*** The records Section Begins ***

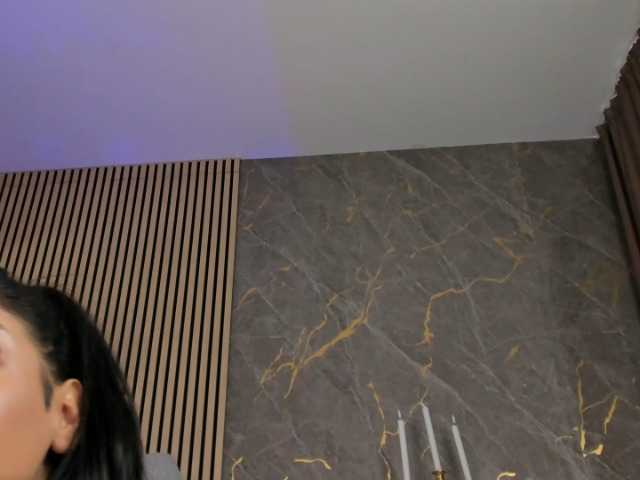 SpicyLeila live cam on BongaCams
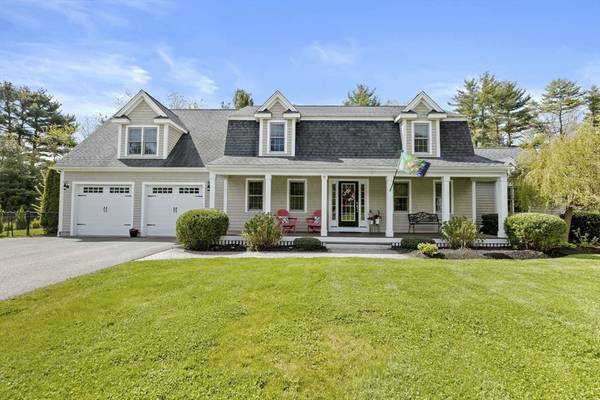 8 Wood Hollow Way, Hanover, MA 02339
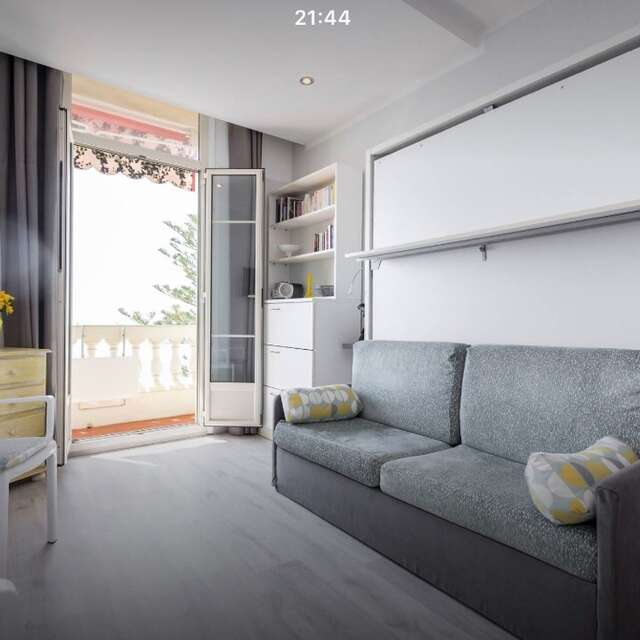"Regina Palace" Furnished Accommodation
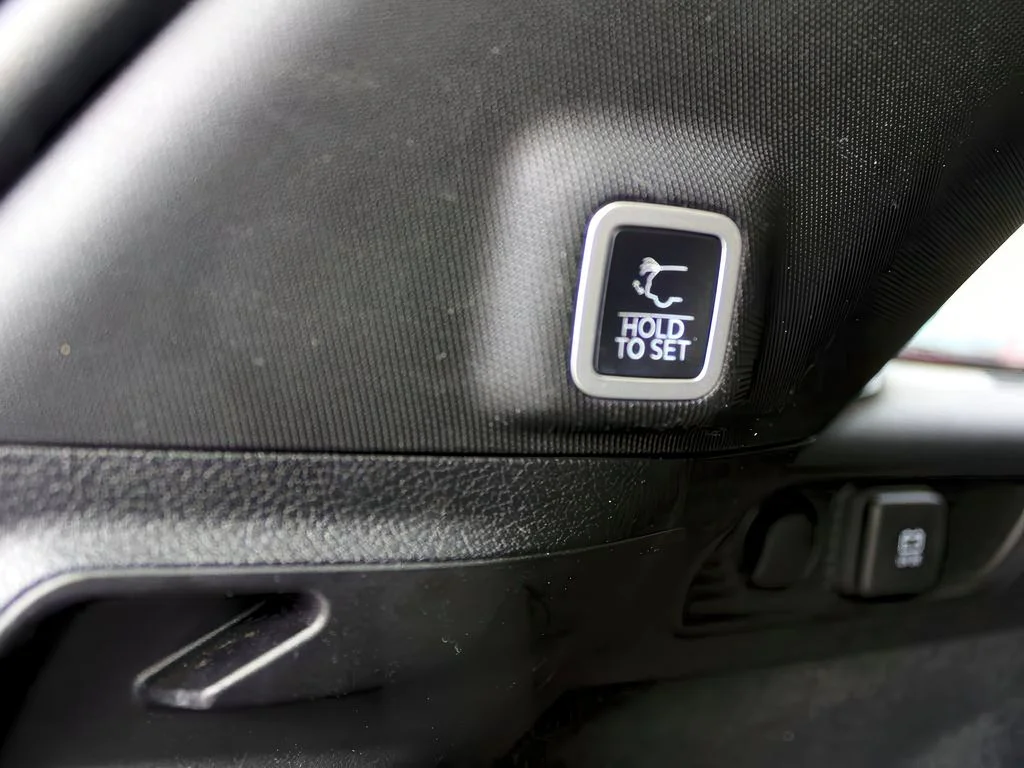 Used 2022 Bright White Clearcoat Jeep Overland image 11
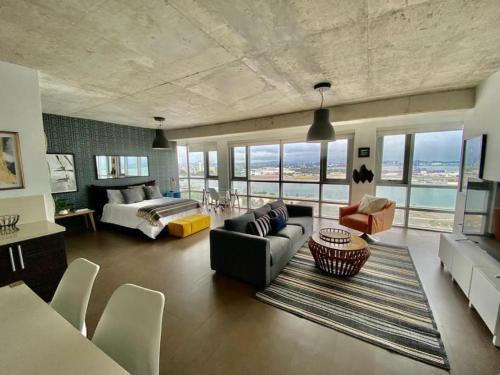 Kasa Skyview Luxury Loft Style 15th Floor Condo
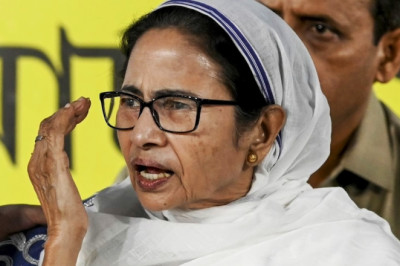 दीदी की डूबती नैया के सहारे बने दो सांसद! TMC में मचे घमासान के बीच बड़ा संदेश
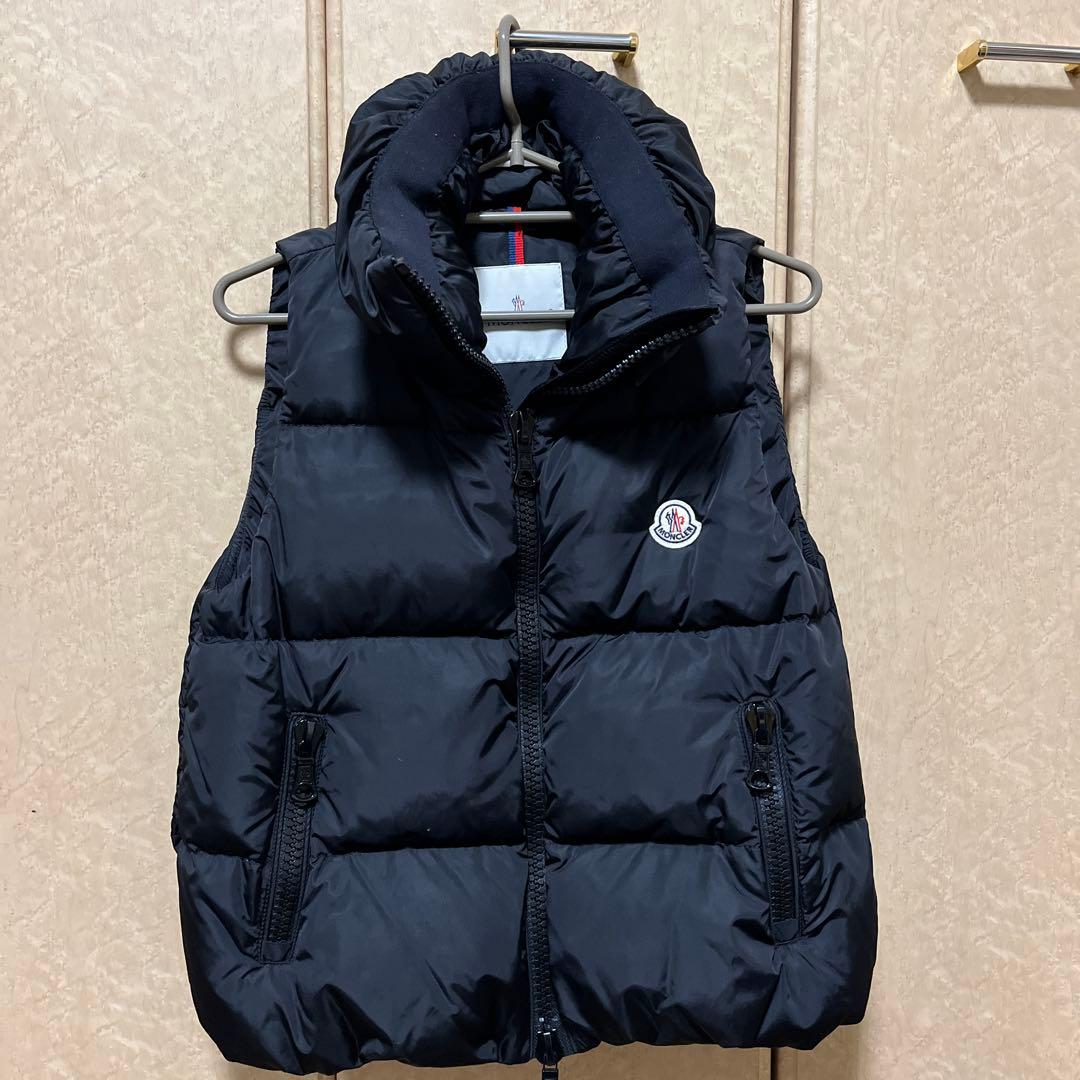 MONCLER ダウンベスト 黒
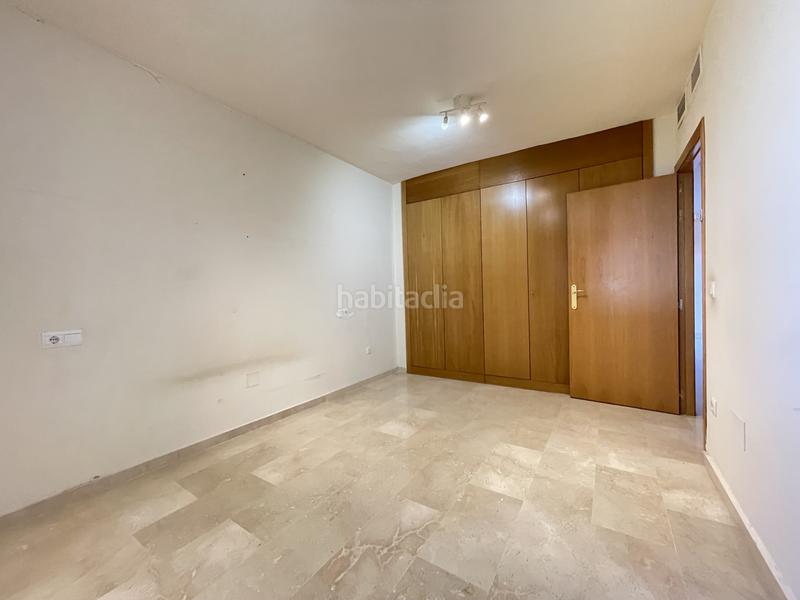 Foto a7e2666f-9268-4c2f-b8eb-b388f5131ae6. Piccolo appartamento con parcheggio piscina in puerto de Estepona Estepona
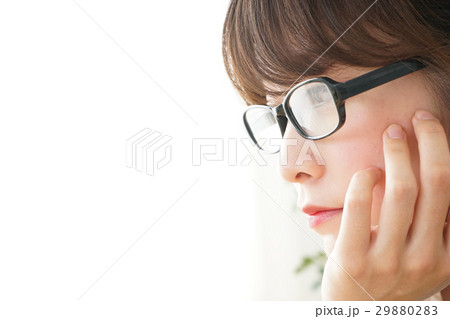 ジャケットを脱ぐ若い日本人のビジネスウーマン 29880283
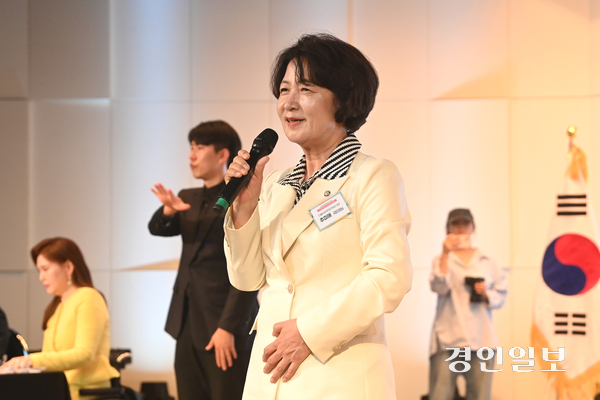20일 수원시 영통구 경기도경제과학진흥원에서 진행된 ‘2026년 제46회 장애인의 날 기념식’에서 추미애 더불어민주당 경기도지사 후보가 발언 중이다. 2026.4.20 /최은성기자 ces7198@kyeongin.com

*** The records Section Ends ***

▸ **Assignment**: Everything from the first line of the records through the line containing "MONCLER ダウンベスト 黒" should be repeated exactly, with the pictures left out.

▸ **Answer to this problem**:
 SpicyLeila live cam on BongaCams
 8 Wood Hollow Way, Hanover, MA 02339
"Regina Palace" Furnished Accommodation
 Used 2022 Bright White Clearcoat Jeep Overland image 11
 Kasa Skyview Luxury Loft Style 15th Floor Condo
 दीदी की डूबती नैया के सहारे बने दो सांसद! TMC में मचे घमासान के बीच बड़ा संदेश
 MONCLER ダウンベスト 黒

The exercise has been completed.